If we can’t catch a Nigerian with a powerful explosive powder in his oddly feminine-looking underpants and a syringe full of acid, a man whose own father had alerted the U.S. Embassy in Nigeria, a traveler whose ticket was paid for in cash and who didn’t check bags, whose visa renewal had been denied by the British, who had studied Arabic in Al Qaeda sanctuary Yemen, whose name was on a counterterrorism watch list, who can we catch?
The new procedures are all security theater. What is needed is to actually use the tools we already have and to reform them. For example, the no-fly list has so many false positives that it is worthless. The majority of people on it aren’t terrorists and everyone knows it, so they don’t enforce it rigorously. (It’s also unconstitutional, since it is punishment without a trial, being able to face ones accuses and see the evidence against one. Of course the parts of the US constitution having to do with making war and civil rights are largely in abeyance, anyway, except when it comes to being able to tote around a personal machine gun.)

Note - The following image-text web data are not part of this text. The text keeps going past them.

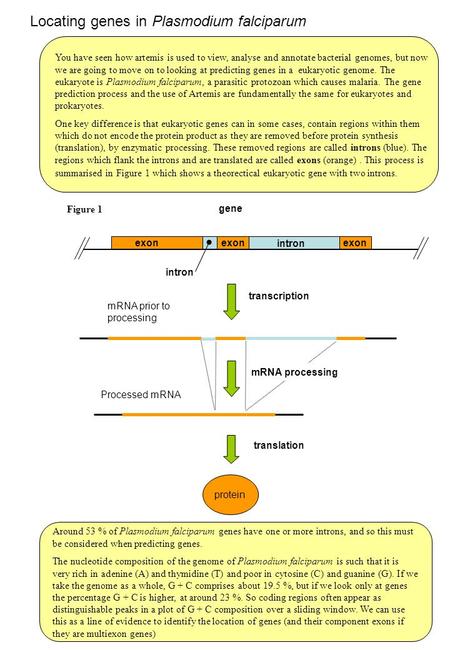 Locating genes in Plasmodium falciparum You have seen how artemis is used to view, analyse and annotate bacterial genomes, but now we are going to move.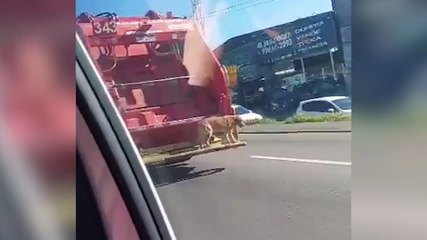 Internauta flagra viralata caramelo andando de carona em caminhão de lixo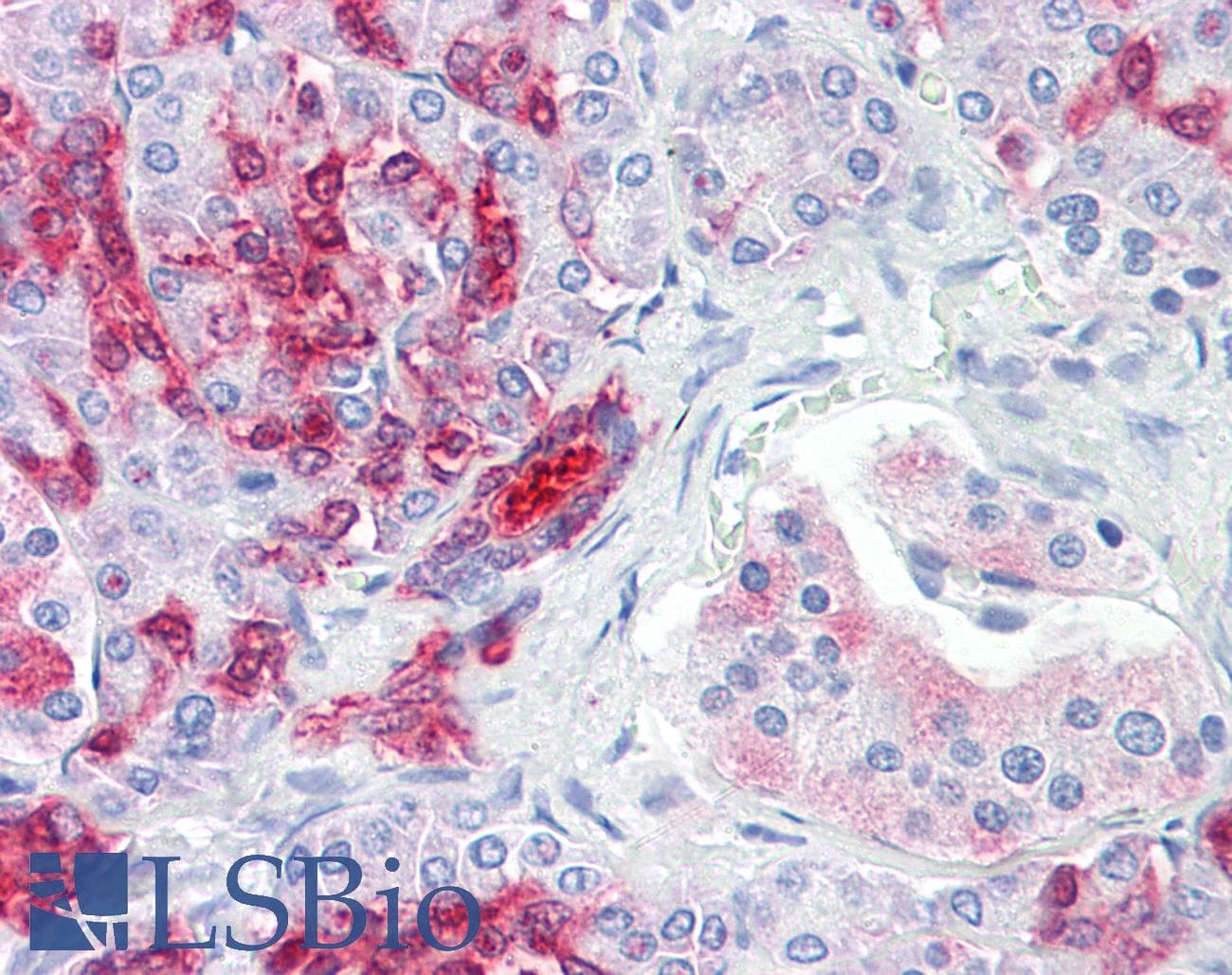 IHC-plus™ GRIN2A / NMDAR2A / NR2A Antibody (C-Terminus)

The kid had every possible warning flag. He’s the person they should have been strip searching, as opposed to random strip searches and pat downs which do almost nothing.
As for all the new rules, they won’t make anyone safer, but they will make air travel even more unpleasant than it already is. And given that air travel is already extraordinarily safe, far more so than driving a car or crossing the street, again, the new rules are just security theater.